> [Task requirements]
Transcribe all records below exactly, without images.

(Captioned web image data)
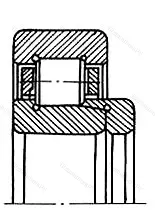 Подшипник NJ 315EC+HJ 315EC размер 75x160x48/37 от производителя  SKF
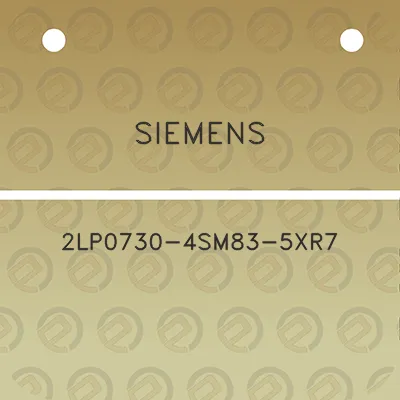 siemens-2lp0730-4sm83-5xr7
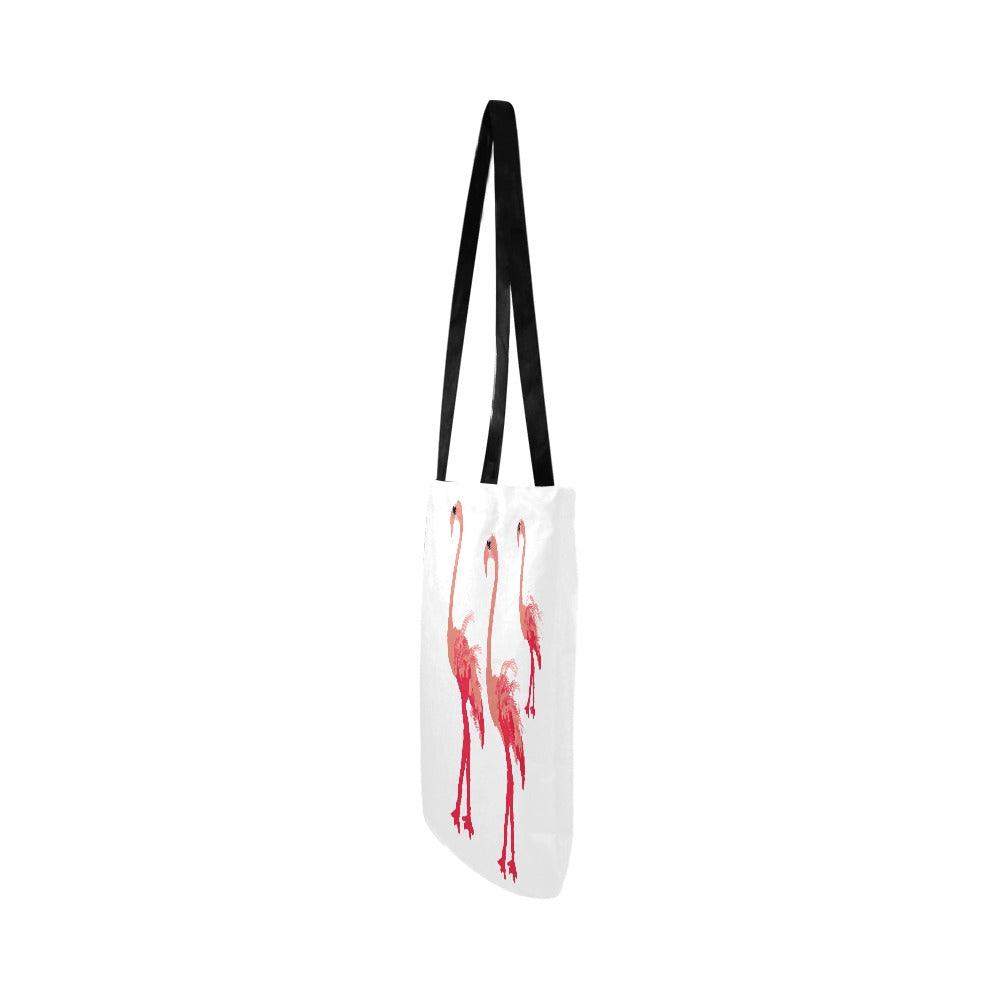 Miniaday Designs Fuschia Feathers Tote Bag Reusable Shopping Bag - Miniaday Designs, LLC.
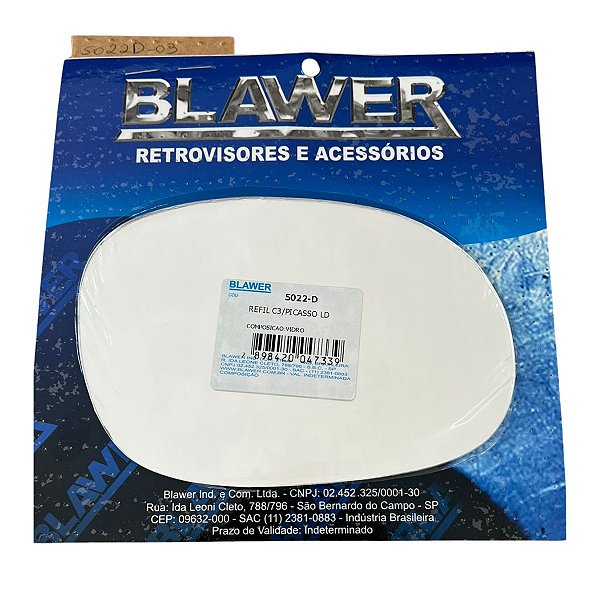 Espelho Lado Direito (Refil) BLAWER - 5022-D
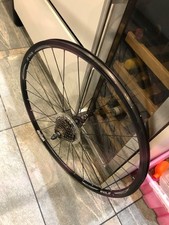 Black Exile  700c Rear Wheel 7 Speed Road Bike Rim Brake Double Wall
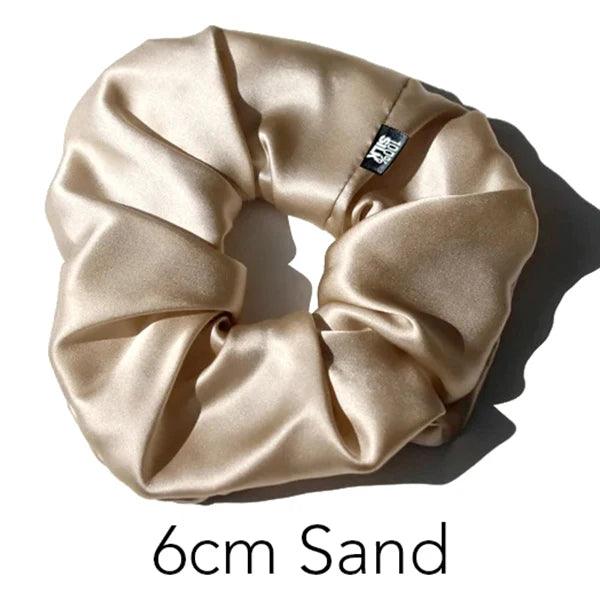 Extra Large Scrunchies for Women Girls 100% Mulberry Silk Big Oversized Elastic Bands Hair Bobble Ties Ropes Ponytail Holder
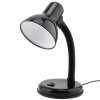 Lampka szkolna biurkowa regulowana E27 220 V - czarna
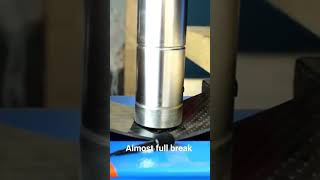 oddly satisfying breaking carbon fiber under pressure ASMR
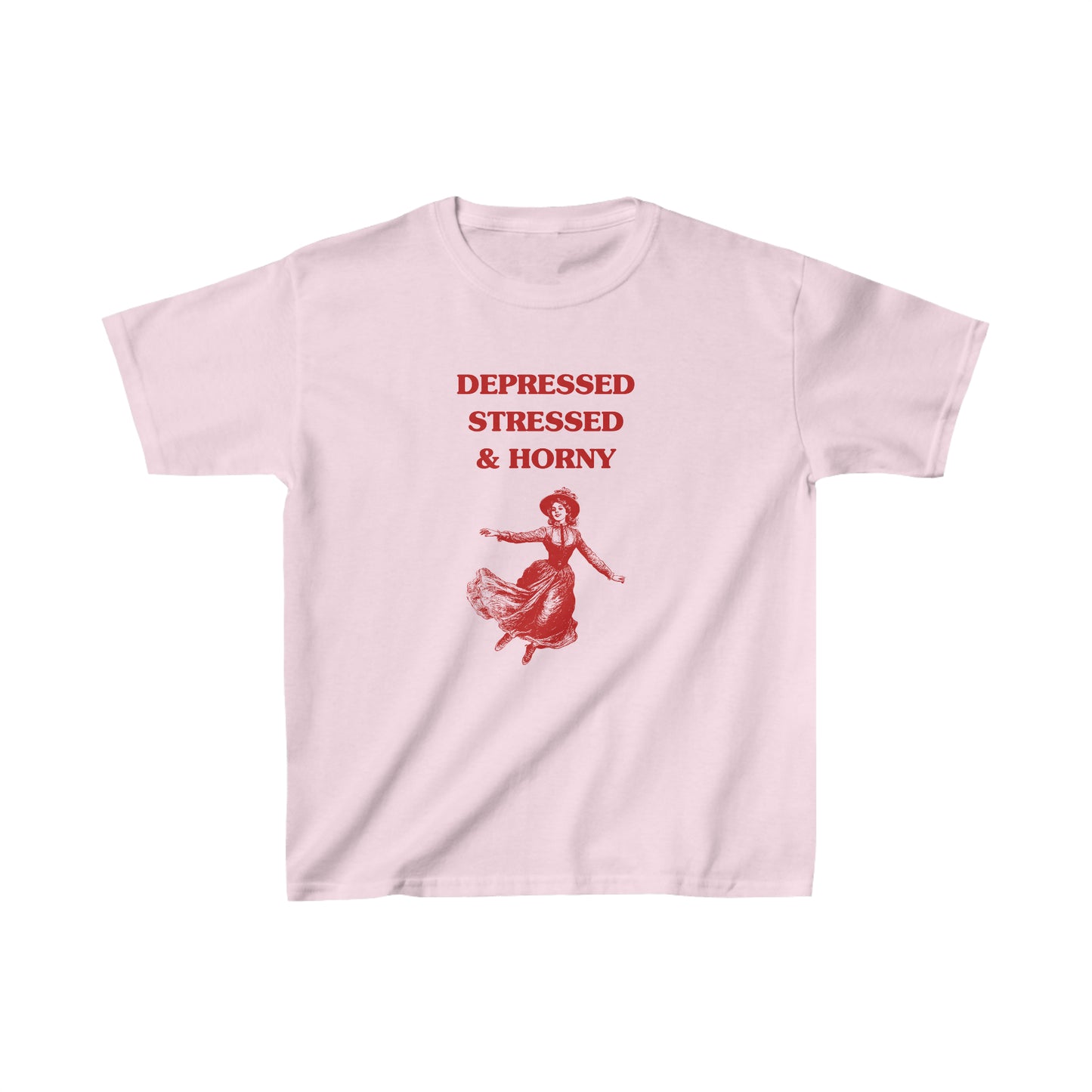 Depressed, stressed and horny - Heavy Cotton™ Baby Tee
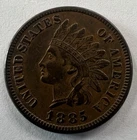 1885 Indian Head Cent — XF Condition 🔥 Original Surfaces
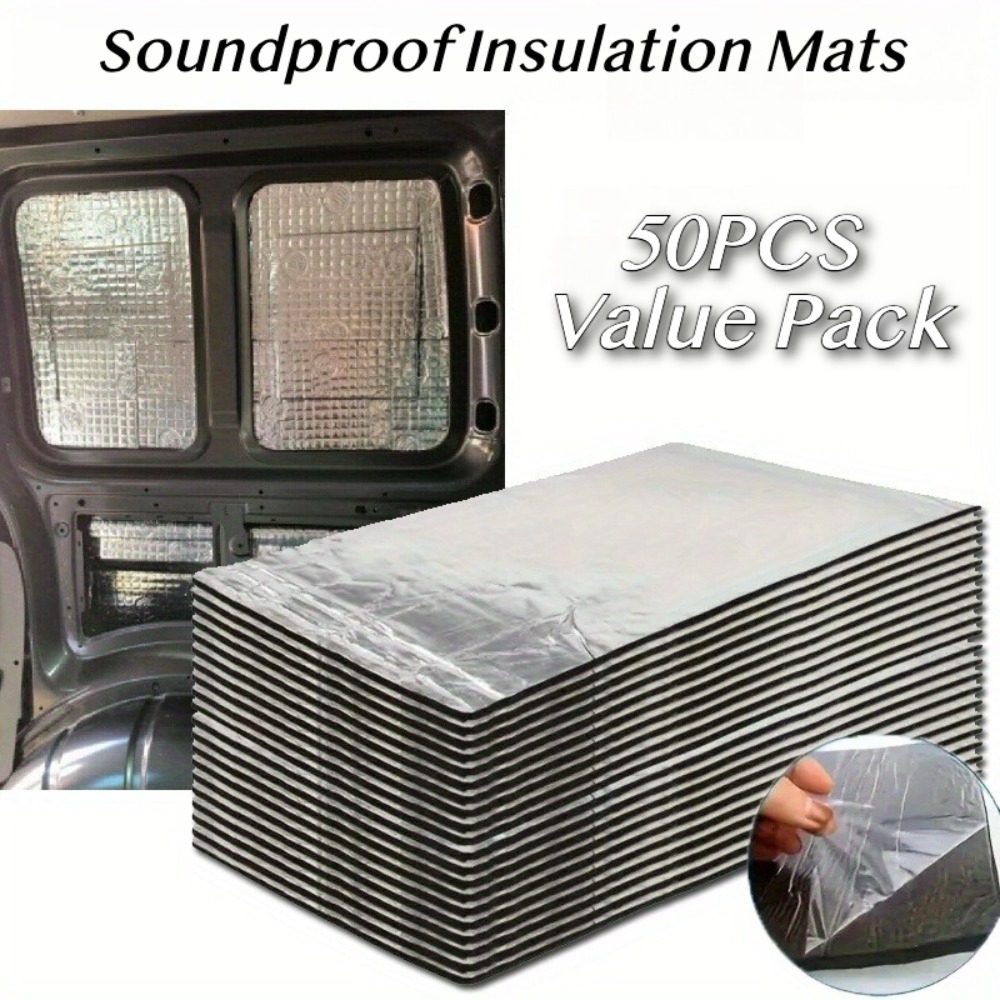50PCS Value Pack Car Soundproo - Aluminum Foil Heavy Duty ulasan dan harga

> [Task solution]
 Подшипник NJ 315EC+HJ 315EC размер 75x160x48/37 от производителя  SKF
 siemens-2lp0730-4sm83-5xr7
 Miniaday Designs Fuschia Feathers Tote Bag Reusable Shopping Bag - Miniaday Designs, LLC.
 Espelho Lado Direito (Refil) BLAWER - 5022-D
 Black Exile  700c Rear Wheel 7 Speed Road Bike Rim Brake Double Wall
 Extra Large Scrunchies for Women Girls 100% Mulberry Silk Big Oversized Elastic Bands Hair Bobble Ties Ropes Ponytail Holder
 Lampka szkolna biurkowa regulowana E27 220 V - czarna
 oddly satisfying breaking carbon fiber under pressure ASMR
 Depressed, stressed and horny - Heavy Cotton™ Baby Tee
 1885 Indian Head Cent — XF Condition 🔥 Original Surfaces
50PCS Value Pack Car Soundproo - Aluminum Foil Heavy Duty ulasan dan harga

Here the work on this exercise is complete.